Cacti and succulents are easy care, drought tolerant plants. Avaiable in an array of colors and styles, they store water in the fleshy tissues of their stems, roots or leaves. Give a cactus or succulent as a gift or learn to grow them yourself with these expert tips:
- Cacti and succulents thrive in containers. They are slow growing and do not need to be repotted often.
- Bring your plants indoors during the winter months if they are not a cold hardy variety.
- Containers must have drainage holes for moisture to escape.
- Always use cactus soil or add sand to your potting soil for good drainage.
- Most succulents like slightly acidic soil (5.5-6.5).

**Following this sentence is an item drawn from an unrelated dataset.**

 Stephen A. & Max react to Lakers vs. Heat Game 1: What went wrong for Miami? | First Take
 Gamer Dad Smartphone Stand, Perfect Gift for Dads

- The most common killer of cacti and succulents is over-watering.
- A moisture meter is a good tool to gauge how dry or wet the soil is. If in doubt, don’t water!
- Succulents need more water when they are actively growing in spring and summer.
- Water every 1-2 weeks, depending on the temperature. When the temperatures rise to 90+ degrees reduce watering to every two weeks.
- Plants go dormant when the temperature is too high and can survive on the water they have stored.
- In late fall and winter, reduce watering to once every 3-4 weeks.
- Plants are hungry in spring, summer and early fall when actively growing.
- Use cactus/succulent specific fertilizers.
- If your plants are looking a little stunted, they are craving nitrogen and should be fertilized.
Our Favorite Succulents for Your Home
Jade Plant: Very easy to grow. Allow the soil to dry completely between waterings. Prune to keep symmetrical.
Aloe Vera: The healing sap from this succulent has been used for centuries to heal burns. Allow the soil to dry out between waterings and don’t let the plant sit in water.
Ponytail Palm: These are not palm trees at all but are actually a member of the succulent family. This plant holds a lot of water in its bulbous trunk so it is perfect for neglectful gardeners.
Christmas Cactus: Perfect option for a seasoned gardener. The slightest under or over watering can cause buds to drop. Place in a cool area (approx. 55 degrees) to initiate flower and bud formation.
Hens & Chicks: Also known as echeveria and sempervirum, these two plants share the common name ‘Hens & Chicks’. Allow to dry out slightly between waterings.
Crown of Thorns: When flowering, only let the top inch of soil dry out to maintain the leaves and flowers.
Snake Plant: This is an extremely hardy succulent plant that can handle a lot of abuse. Fertilize once a year and allow the plant to dry our between waterings.